Liberty and Tyranny: A Conservative Manifesto




Editorial Reviews
Product Description

Conservative talk radio's fastest-growing superstar is also a New York Times bestselling phenomenon: the author of the groundbreaking critique of the Supreme Court, Men in Black, and the deeply personal dog lover's memoir Rescuing Sprite, Mark R. Levin now delivers the book that characterizes both his devotion to his more than 5 million listeners and his love of our country and the legacy of our Founding Fathers: Liberty and Tyranny is Mark R. Levin's clarion call to conservative America, a new manifesto for the conservative movement for the 21st century.
In the face of the modern liberal assault on Constitution-based values, an attack that has steadily snowballed since President Roosevelt's New Deal of the 1930s and resulted in a federal government that is a massive, unaccountable conglomerate, the time for re-enforcing the intellectual and practical case for conservatism is now. Conservative beliefs in individual freedoms do in the end stand for liberty for all Americans, while liberal dictates lead to the breakdown of civilized society -- in short, tyranny. Looking back to look to the future, Levin writes "conservatism is the antidote to tyranny precisely because its principles are our founding principles." And in a series of powerful essays, Levin lays out how conservatives can counter the liberal corrosion that has filtered into every timely issue affecting our daily lives, from the economy to health care, global warming, immigration, and more -- and illustrates how change, as seen through the conservative lens, is always prudent, and always an enhancement to individual freedom.

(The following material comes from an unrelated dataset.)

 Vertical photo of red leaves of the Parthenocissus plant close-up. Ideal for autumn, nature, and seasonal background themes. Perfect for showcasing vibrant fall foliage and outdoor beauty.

As provocative, well-reasoned, robust, and informed as his on-air commentary, Levin's narrative will galvanize readers to begin a new era in conservative thinking and action. Liberty and Tyranny provides a philosophical, historical, and practical framework for revitalizing the conservative vision and ensuring the preservation of American society.

About the Author
Mark R. Levin is a nationally syndicated talk radio host and president of Landmark Legal Foundation. He has also worked as an attorney in the private sector and as a top adviser and administrator to several members of President Reagan's cabinet. The author of the New York Times bestselling books Rescuing Sprite and Men in Black: How the Supreme Court Is Destroying America, Mark holds a B.A. from Temple University and a J.D. from Temple University School of Law.

Excerpt. © Reprinted by permission. All rights reserved.


1

On Liberty and Tyranny

There is simply no scientific or mathematical formula that defines conservatism. Moreover, there are competing voices today claiming the mantle of "true conservatism" -- including neo-conservatism (emphasis on a robust national security), paleo-conservatism (emphasis on preserving the culture), social conservatism (emphasis on faith and values), and libertarianism (emphasis on individualism), among others. Scores of scholars have written at length about what can be imperfectly characterized as conservative thought. But my purpose is not to give them each exposition, as it cannot be fairly or adequately accomplished here, nor referee among them. Neither will I attempt to give birth to totally new theories.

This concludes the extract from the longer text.